Contrary to the account posted, Jacquard's father was a man of substantial property: he owned a workshop (where he kept his looms), a house, a vineyard, and a quarry. Joseph, the son, inherited all of this when his father died in 1772. Joseph dabbled in real estate. He married a widow of considerable property. He did fall into debt, but he did not become destitute. He did have a son Jean Marie (born 19 April 1799), but there is no evidence to support the claim that Jean Marie died at his father's side during a battle.

Jacquard's loom was NOT an immediate success: the mechanism that drove the belt of cards was faulty. Only after Jean Antoine Breton solved the mechanism's problems did sales of the loom improve.

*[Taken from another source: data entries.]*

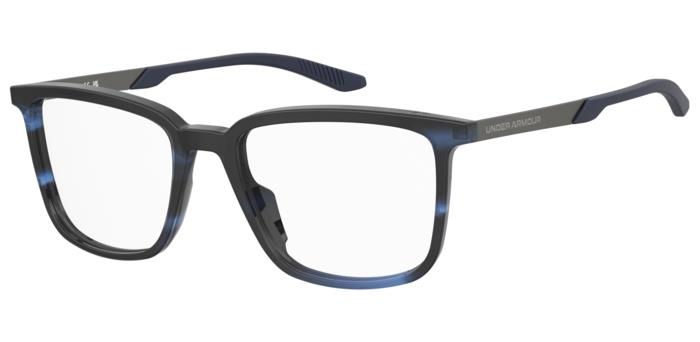  Under Armour  UA 5102 38I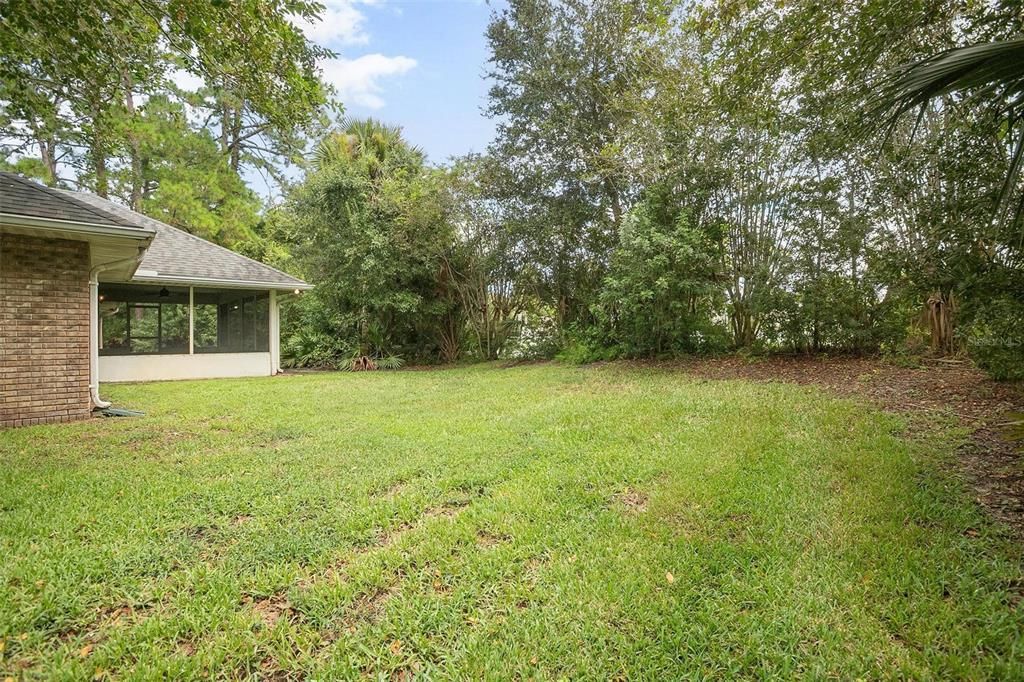 En Venta: $479,000 (4 camas, 3 baños, 2533 Pies cuadrados)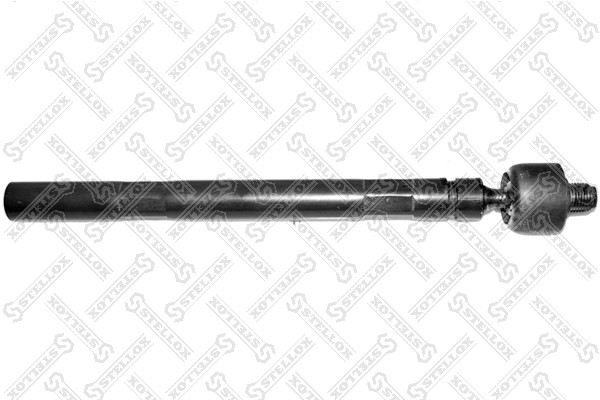 Тяга рулевая Pegout 406 -D- арт:55-05953-SX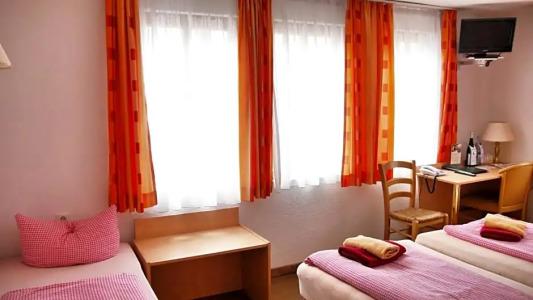 Weindes Riesling Zum Grünen Kranz - 31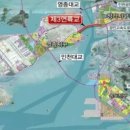 영종골프연습장 네이버블로그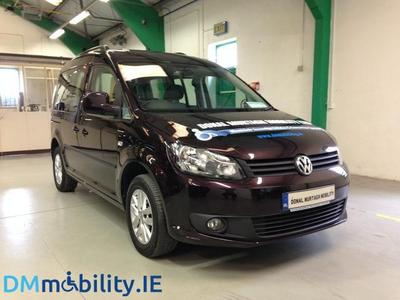 Photo for ad ref: 1295741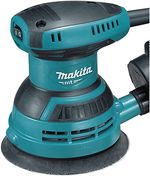 Lixadeira_Rotorbital_240W_Makita_8747171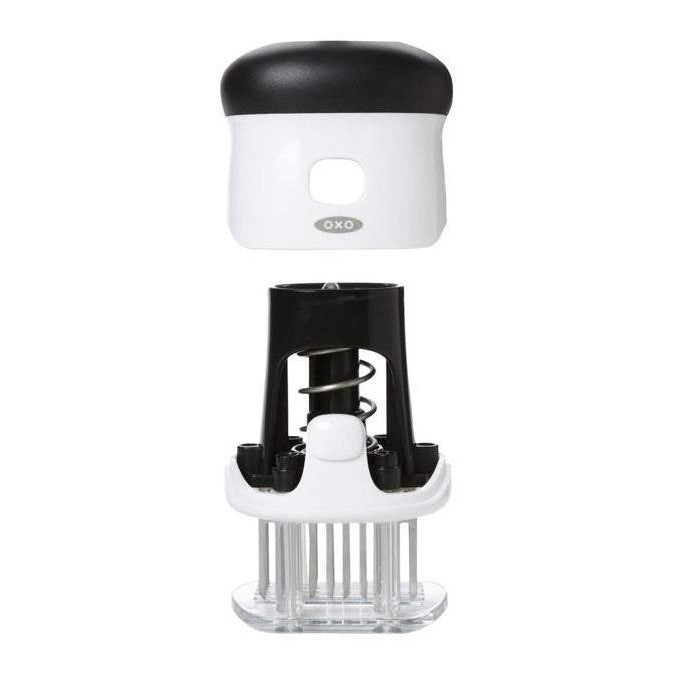 OXO GG BLADED MEAT TENDERIZER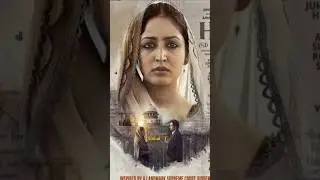 Haq | Haq Trailer | Teen Talaak | #haq #imran  Imran Hasmi | Yami Gautam | Socialvi | Social Vi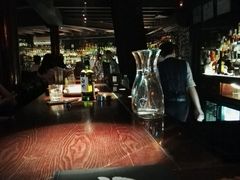 -Joy酒隐(西湖店)
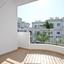 2 bedroom apartment for sale pyla larnaca 8972310 thumbnail 17888264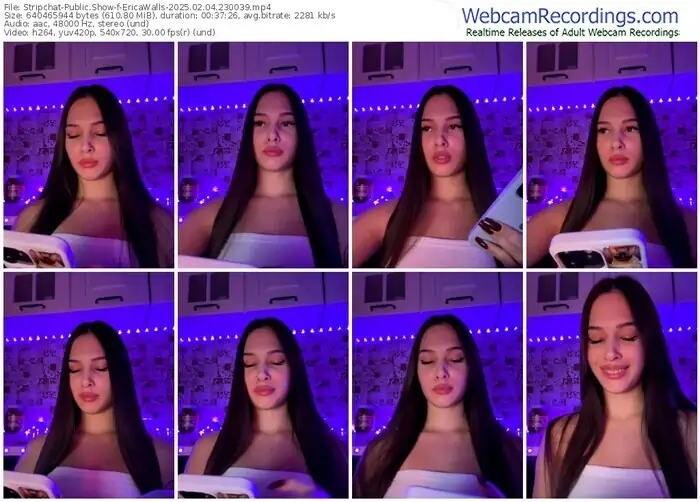 2025/02/04/stripchat-ericawalls-23-00-39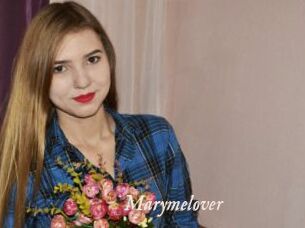 Marymelover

I suspect that much of the misinformation about Jacquard came from this source, which was used as the basis of most subsequent accounts of Jacquard:

General Jean-Victor Poncelet, Travaux de la Commission Francaise. L’Exposition Universelle de 1851, vol. 3, part 1 (Machines et outils appliqués aux arts textiles), section 2, pages 348-349 (1857).

Cwkmail (talk) 17:11, 1 May 2008 (UTC)[reply]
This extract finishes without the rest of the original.